(decorators-and-auto-logging)=
# Decorators and auto-logging

While it is possible to log results and artifacts using {ref}`the MLRun execution context<mlrun-execution-context>`, it is often more convenient to use the {py:func}`mlrun.handler` decorator.

## Basic example

Assume you have the following code in `train.py`

``` python
import pandas as pd
from sklearn.svm import SVC

def train_and_predict(train_data,
                      predict_input,
                      label_column='label'):

    x = train_data.drop(label_column, axis=1)
    y = train_data[label_column]

    clf = SVC()
    clf.fit(x, y)

    return list(clf.predict(predict_input))
```

With the `mlrun.handler` the python function itself would not change, and logging of the inputs and outputs would be automatic. The resultant code is as follows:

``` python
import pandas as pd
from sklearn.svm import SVC
import mlrun

@mlrun.handler(labels={'framework':'scikit-learn'},
               outputs=['prediction:dataset'],
               inputs={"train_data": pd.DataFrame,
                       "predict_input": pd.DataFrame})
def train_and_predict(train_data,
                      predict_input,
                      label_column='label'):

    x = train_data.drop(label_column, axis=1)
    y = train_data[label_column]

    clf = SVC()
    clf.fit(x, y)

    return list(clf.predict(predict_input))
```

To run the code, use the following example:

``` python
import mlrun
project = mlrun.get_or_create_project("mlrun-example", context="./", user_project=True)

trainer = project.set_function("train.py", name="train_and_predict", kind="job", image="mlrun/mlrun", handler="train_and_predict")

trainer_run = project.run_function(
    "train_and_predict", 
    inputs={"train_data": mlrun.get_sample_path('data/iris/iris_dataset.csv'),
            "predict_input": mlrun.get_sample_path('data/iris/iris_to_predict.csv')
           }
)
```

The outcome is a run with:
1. A label with key "framework" and value "scikit-learn".
2. Two inputs "train_data" and "predict_input" created from Pandas DataFrame.
3. An artifact called "prediction" of type "dataset". The contents of the dataset will be the return value (in this case the prediction result).

## Labels

The decorator gives you the option to set labels for the run.
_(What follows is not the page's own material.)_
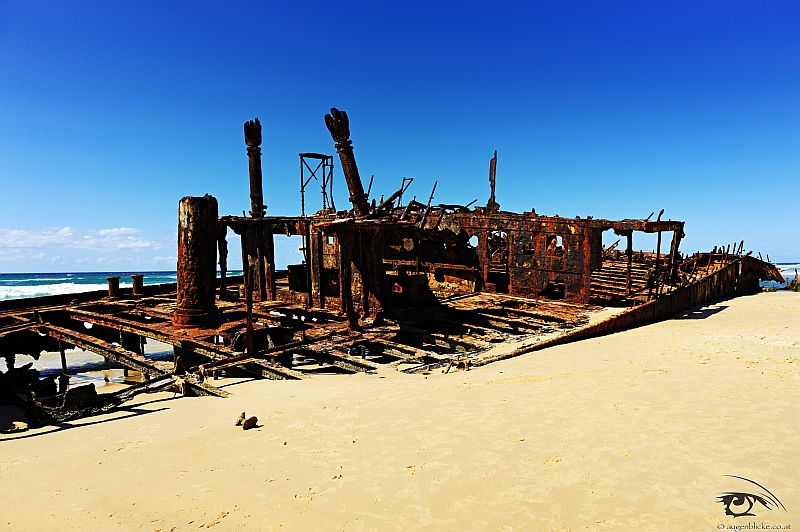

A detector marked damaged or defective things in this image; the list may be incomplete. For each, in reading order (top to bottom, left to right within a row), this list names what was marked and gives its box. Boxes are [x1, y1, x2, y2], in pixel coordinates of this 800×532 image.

broken superstructure [0, 108, 784, 424]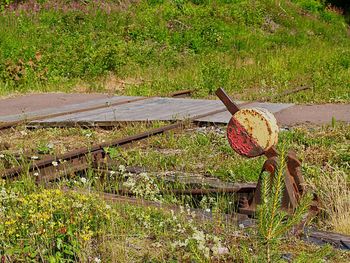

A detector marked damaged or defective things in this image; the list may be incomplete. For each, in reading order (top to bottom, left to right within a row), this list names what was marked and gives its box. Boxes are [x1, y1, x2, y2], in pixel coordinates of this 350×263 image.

The `labels` parameter is a dictionary with keys and values to set for the labels.

## Input type parsing

The `mlrun.handler` decorator can also parse the input types, if they are specified. An equivalent definition is as follows:

``` python
@mlrun.handler(labels={'framework':'scikit-learn'},
               outputs=['prediction:dataset'])
def train_and_predict(train_data: pd.DataFrame,
                      predict_input: pd.DataFrame,
                      label_column='label'):

...
```

**Notice**: Type hints from the `typing` module (e.g. `typing.Optional`, `typing.Union`, `typing.List` etc.) are 
currently not supported but will be in the future.

> **Note:** If the inputs does not have a type input, the decorator assumes the parameter type in {py:class}`mlrun.datastore.DataItem`. If you specify `inputs=False`, all the run inputs are assumed to be of type `mlrun.datastore.DataItem`. You also have the option to specify a dictionary where each key is the name of the input and the value is the type.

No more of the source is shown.